Il s’agit notamment de procéder à des évaluations préliminaires des systèmes de soins primaires et du personnel de santé afin de déterminer et de définir la nature de l’aide apportée par l’OMS dans le but d’améliorer l’accessibilité et la qualité des services de santé au niveau des soins de santé primaires. Le nombre et la répartition des effectifs de santé possédant les compétences adéquates constituent un élément déterminant de cette démarche, les médecins de famille étant reconnus comme jouant un rôle essentiel dans la réduction de la charge de morbidité pesant sur les communautés et les économies.

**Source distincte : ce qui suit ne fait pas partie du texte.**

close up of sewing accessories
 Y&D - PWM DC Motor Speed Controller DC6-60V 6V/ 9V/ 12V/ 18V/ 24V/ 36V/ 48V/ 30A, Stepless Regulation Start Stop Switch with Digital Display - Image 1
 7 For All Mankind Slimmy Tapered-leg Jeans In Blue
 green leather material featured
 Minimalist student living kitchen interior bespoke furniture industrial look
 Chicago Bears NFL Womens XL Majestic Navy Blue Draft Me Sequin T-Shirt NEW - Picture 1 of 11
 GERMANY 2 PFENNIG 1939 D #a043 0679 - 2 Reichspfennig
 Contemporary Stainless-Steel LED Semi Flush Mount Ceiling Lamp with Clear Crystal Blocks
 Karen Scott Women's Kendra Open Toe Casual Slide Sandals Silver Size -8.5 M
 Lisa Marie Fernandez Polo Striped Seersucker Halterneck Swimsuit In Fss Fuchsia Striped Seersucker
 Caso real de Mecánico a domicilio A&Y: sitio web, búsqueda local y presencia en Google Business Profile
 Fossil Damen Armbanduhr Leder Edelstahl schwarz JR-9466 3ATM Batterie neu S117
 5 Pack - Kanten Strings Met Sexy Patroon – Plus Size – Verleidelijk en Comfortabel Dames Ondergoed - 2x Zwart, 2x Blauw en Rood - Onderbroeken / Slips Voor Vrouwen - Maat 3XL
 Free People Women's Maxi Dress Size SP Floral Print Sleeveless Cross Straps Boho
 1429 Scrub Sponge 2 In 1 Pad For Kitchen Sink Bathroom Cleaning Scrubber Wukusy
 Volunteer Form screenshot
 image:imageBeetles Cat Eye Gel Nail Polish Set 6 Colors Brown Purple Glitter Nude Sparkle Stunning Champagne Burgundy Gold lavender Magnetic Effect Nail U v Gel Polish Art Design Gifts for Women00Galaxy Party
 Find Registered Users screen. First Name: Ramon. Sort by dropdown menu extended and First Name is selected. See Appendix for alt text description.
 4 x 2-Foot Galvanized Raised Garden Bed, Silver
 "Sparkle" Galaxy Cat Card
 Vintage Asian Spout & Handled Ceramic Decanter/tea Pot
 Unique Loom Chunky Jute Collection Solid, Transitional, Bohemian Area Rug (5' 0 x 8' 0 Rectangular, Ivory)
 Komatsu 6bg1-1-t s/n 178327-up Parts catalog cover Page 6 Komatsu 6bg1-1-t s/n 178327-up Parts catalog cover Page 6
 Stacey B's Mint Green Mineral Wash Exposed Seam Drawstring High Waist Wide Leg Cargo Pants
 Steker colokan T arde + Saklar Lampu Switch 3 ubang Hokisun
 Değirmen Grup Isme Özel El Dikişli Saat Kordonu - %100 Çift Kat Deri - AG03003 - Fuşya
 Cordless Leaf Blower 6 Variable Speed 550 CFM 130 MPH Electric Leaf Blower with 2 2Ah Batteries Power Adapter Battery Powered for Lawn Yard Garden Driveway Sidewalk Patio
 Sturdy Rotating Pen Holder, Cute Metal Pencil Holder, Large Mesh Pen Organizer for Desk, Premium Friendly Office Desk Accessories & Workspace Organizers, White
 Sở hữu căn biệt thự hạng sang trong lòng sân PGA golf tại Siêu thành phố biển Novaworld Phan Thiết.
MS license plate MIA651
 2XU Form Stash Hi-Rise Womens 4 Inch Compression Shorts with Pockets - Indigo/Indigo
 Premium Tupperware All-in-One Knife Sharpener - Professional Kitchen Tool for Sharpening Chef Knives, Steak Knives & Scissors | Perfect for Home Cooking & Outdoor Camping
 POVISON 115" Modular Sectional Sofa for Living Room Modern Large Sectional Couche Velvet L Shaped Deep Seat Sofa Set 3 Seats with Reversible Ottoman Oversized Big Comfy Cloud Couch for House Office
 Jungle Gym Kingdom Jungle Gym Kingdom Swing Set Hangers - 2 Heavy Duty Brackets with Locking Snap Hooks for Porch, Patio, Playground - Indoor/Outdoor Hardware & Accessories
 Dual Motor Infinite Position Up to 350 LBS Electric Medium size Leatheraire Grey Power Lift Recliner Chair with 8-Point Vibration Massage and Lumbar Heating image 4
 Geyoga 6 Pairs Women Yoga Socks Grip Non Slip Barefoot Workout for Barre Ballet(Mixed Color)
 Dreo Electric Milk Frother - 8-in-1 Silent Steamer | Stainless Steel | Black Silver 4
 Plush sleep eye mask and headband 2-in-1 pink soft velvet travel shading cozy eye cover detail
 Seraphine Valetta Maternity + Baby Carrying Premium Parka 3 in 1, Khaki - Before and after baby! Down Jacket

En outre, en 2022, le Kazakhstan, le Kirghizistan, l’Ouzbékistan, le Tadjikistan et le Turkménistan ont adopté la Feuille de route pour la santé et le bien-être en Asie centrale (2022-2025) – la première du genre dans la sous-région de l’Asie centrale – qui sert de base pour « agir de concert » en matière de mobilisation des ressources et de possibilités d’investissement pour la santé.
Afin de soutenir davantage le renforcement de la médecine familiale en Asie centrale, l’OMS/Europe organisera également un atelier technique au Kazakhstan afin de présenter les modèles de médecine familiale dans la Région, et de mettre en lumière les expériences régionales concernant l’introduction d’une spécialisation obligatoire en médecine générale ou familiale et d’équipes multidisciplinaires de soins de santé primaires.